Re: [lustre-discuss] Do I need Lustre?

2018-04-30 Thread Colin Faber
The type of storage you decide on should be a factor of the workloads that
you plan on executing against, as well as the back-end storage systems.
Having all SSD based file systems can be useful in the case of small /
random IO however in many cases the controllers will not be able to take
advantage of the performance provided by the SSD array

 As a result you end up paying a whole lot more for a whole lot less space
and ending up with the same overall performance.

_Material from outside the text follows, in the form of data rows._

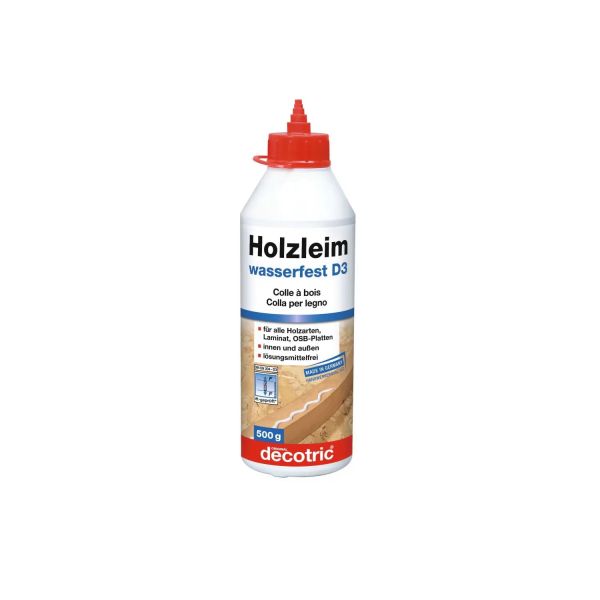 decotric Holzleim D3 500 g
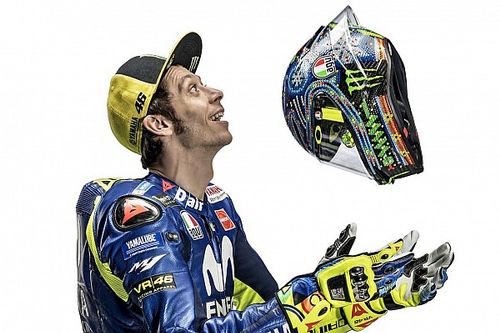 Valentino Rossi: &ldquo;Ganar el Mundial no es una obsesi&oacute;n&rdquo;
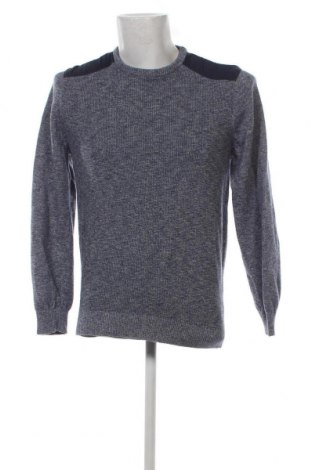Ανδρικό πουλόβερ C&A, Μέγεθος L, Χρώμα Μπλέ, Τιμή 8,43 €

On Mon, Apr 30, 2018, 7:11 AM Thackeray, Neil L <ne...@illinois.edu> wrote:

> Sorry, I left out file size. We don't foresee growing tremendously. The
> plan is for researchers to upload their data, get the results, and copy it
> down to a mounted file system. This is going to be used by multiple
> researchers, and we will be charging for compute time. We really don't want
> this cluster to be used for storing data outside of the time needed for
> their computations. We may just start with 100TB of SSD storage.
>
> -Original Message-
> From: lustre-discuss <lustre-discuss-boun...@lists.lustre.org> On Behalf
> Of Philippe Weill
> Sent: Saturday, April 28, 2018 1:14 AM
> To: lustre-discuss@lists.lustre.org
> Subject: Re: [lustre-discuss] Do I need Lustre?
>
>
>
> Le 27/04/2018 à 19:07, Thackeray, Neil L a écrit :
> > I’m new to the cluster realm, so I’m hoping for some good advice. We
> > are starting up a new cluster, and I’ve noticed that lustre seems to be
> used widely in datacenters. The thing is I’m not sure the scale of our
> cluster will need it.
> >
> > We are planning a small cluster, starting with 6 -8 nodes with 2 GPUs
> > per node. They will be used for Deep Learning, MRI data processing,
> > and Matlab among other things. With the size of the cluster we figure
> > that 10Gb networking will be sufficient. We aren’t going to allow
> persistent storage on the cluster. Users will just upload and download
> data. I’m mostly concerned about I/O speeds. I don’t know if NFS would be
> fast enough to handle the data.
> >
> > We are hoping that the cluster will grow over time. We are already
> talking about buying more nodes next fiscal year.
> >
> > Thanks.
> >
>
> hello
>
> you didn't say anything about filesystem size needed and if you are
> thinking to grow fast we also run a small cluster ( 20 nodes ) but for
> climate data modeling results and satellite atmospheric data analysis we
> are growing at least 300TB per year (2PB now) and it's easier for us to
> grow with lustre
>
>
> --
> Weill Philippe -  Administrateur Systeme et Reseaux
> CNRS/UPMC/IPSL   LATMOS (UMR 8190)
> ___
> lustre-discuss mailing list
> lustre-discuss@lists.lustre.org
> http://lists.lustre.org/listinfo.cgi/lustre-discuss-lustre.org
> ___
> lustre-discuss mailing list
> lustre-discuss@lists.lustre.org
> http://lists.lustre.org/listinfo.cgi/lustre-discuss-lustre.org
>
___
lustre-discuss mailing list
lustre-discuss@lists.lustre.org
http://lists.lustre.org/listinfo.cgi/lustre-discuss-lustre.org


Re: [lustre-discuss] Do I need Lustre?

2018-04-30 Thread Thackeray, Neil L
Sorry, I left out file size. We don't foresee growing tremendously. The plan is 
for researchers to upload their data, get the results, and copy it down to a 
mounted file system. This is going to be used by multiple researchers, and we 
will be charging for compute time. We really don't want this cluster to be used 
for storing data outside of the time needed for their computations. We may just 
start with 100TB of SSD storage.

-Original Message-
From: lustre-discuss <lustre-discuss-boun...@lists.lustre.org> On Behalf Of 
Philippe Weill
Sent: Saturday, April 28, 2018 1:14 AM
To: lustre-discuss@lists.lustre.org
Subject: Re: [lustre-discuss] Do I need Lustre?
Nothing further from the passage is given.